* Exercise objective *
Every line from the one with "2005 Gmc Envoy" through the end of the entries below must be retyped exactly, and only those lines. The pictures are not part of the copy.

*** Exercise data ***

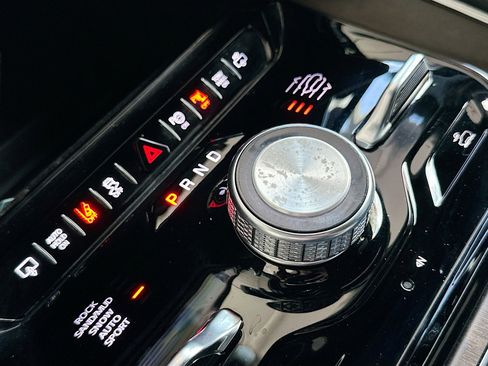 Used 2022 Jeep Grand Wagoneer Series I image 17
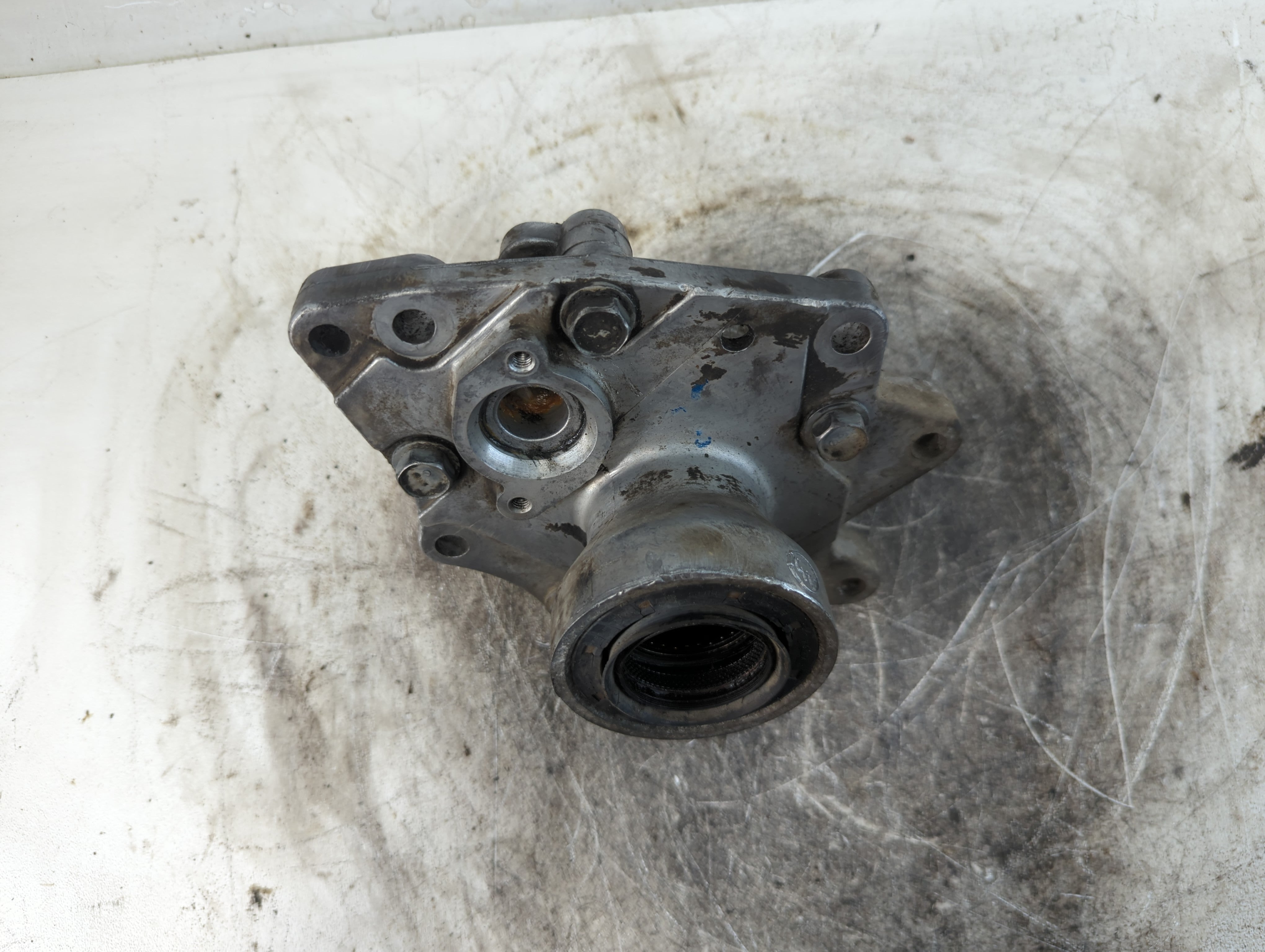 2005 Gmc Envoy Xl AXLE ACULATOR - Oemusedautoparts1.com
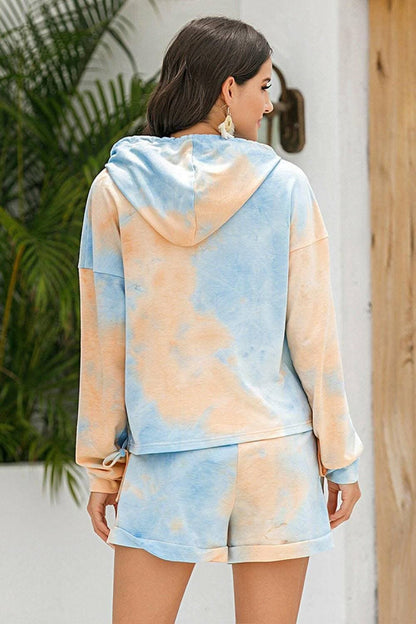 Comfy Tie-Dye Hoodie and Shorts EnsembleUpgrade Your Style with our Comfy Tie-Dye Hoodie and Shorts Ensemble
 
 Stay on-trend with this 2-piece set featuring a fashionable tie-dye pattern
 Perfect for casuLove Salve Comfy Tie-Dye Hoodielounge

***

* Finished exercise *
 2005 Gmc Envoy Xl AXLE ACULATOR - Oemusedautoparts1.com
 Comfy Tie-Dye Hoodie and Shorts EnsembleUpgrade Your Style with our Comfy Tie-Dye Hoodie and Shorts Ensemble
 
 Stay on-trend with this 2-piece set featuring a fashionable tie-dye pattern
 Perfect for casuLove Salve Comfy Tie-Dye Hoodielounge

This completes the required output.